The main problem I am running into is that I cannot gsub by 0 (
or 0 (
[space before 0 in the latter one because sometimes the 0
code starts in the middle of the text in RN
as is the case in the last row] because some of the codes for named_RN
end with 0 (
as is the case in the last row.
Please advise.
Thank you!
Here's one way to do it. Basically, I create a new column where matches are easier to detect.
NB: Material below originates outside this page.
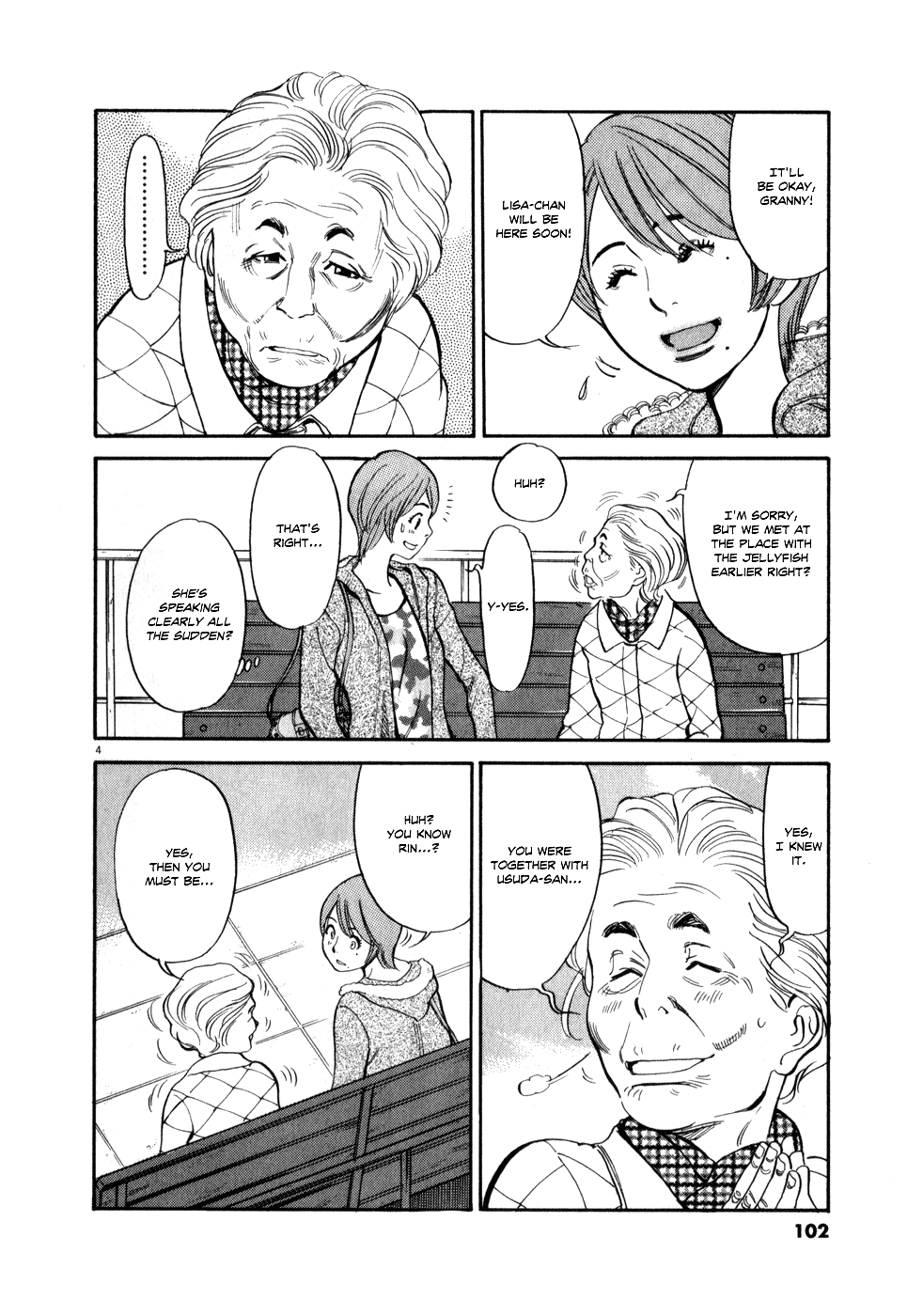 Kono S o, Mi yo! Chapter 57 page 4 - Chapter 57: Like I Thought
Then, I match the inside of the parenthesis with regmatches
.
df <- read.table(text="RN
'RP4A60D26L (Pentazocine)'
'0 (Complement C4)'
'0 (Aminocap) U6206 (Amino)'
'N3R30 (Amiodarone) 0 (Benzo) 0 (Ferri)'",header=TRUE,stringsAsFactors=FALSE)
df$RN_temp <- gsub("^[0] "," general_RN",df$RN) #replace leading 0s w/ general_RN
df$RN_temp <- gsub(" [0] "," general_RN",df$RN_temp) #replace other " 0 "
df$RN_temp <- gsub(" \\("," named_RN(",df$RN_temp) #replace rest w/ named_RN
df$RN_temp
df$named_RN <- regmatches(df$RN_temp,gregexpr("(?<=named_RN\\().*?(?=\\))",
df$RN_temp, perl=TRUE))
df$general_RN <- regmatches(df$RN_temp,gregexpr("(?<=general_RN\\().*?(?=\\))",
df$RN_temp, perl=TRUE))
df$RN_temp <- NULL
df
EDIT
To transform into a data.frame
. I use lapply(df$named_RN, function(x) ifelse(is.null(x), NA, x))
to change missing values (NULL) to NA.
df$named_RN <- unlist(lapply(df$named_RN, function(x) ifelse(is.null(x), NA, x)))
df$general_RN <- unlist(df$general_RN)
'data.frame': 4 obs. of 3 variables:
$ RN : chr "RP4A60D26L (Pentazocine)" "0 (Complement C4)" "0 (Aminocap) U6206 (Amino)" "N3R30 (Amiodarone) 0 (Benzo) 0 (Ferri)"
$ named_RN : chr "Pentazocine" NA "Amino" "Amiodarone"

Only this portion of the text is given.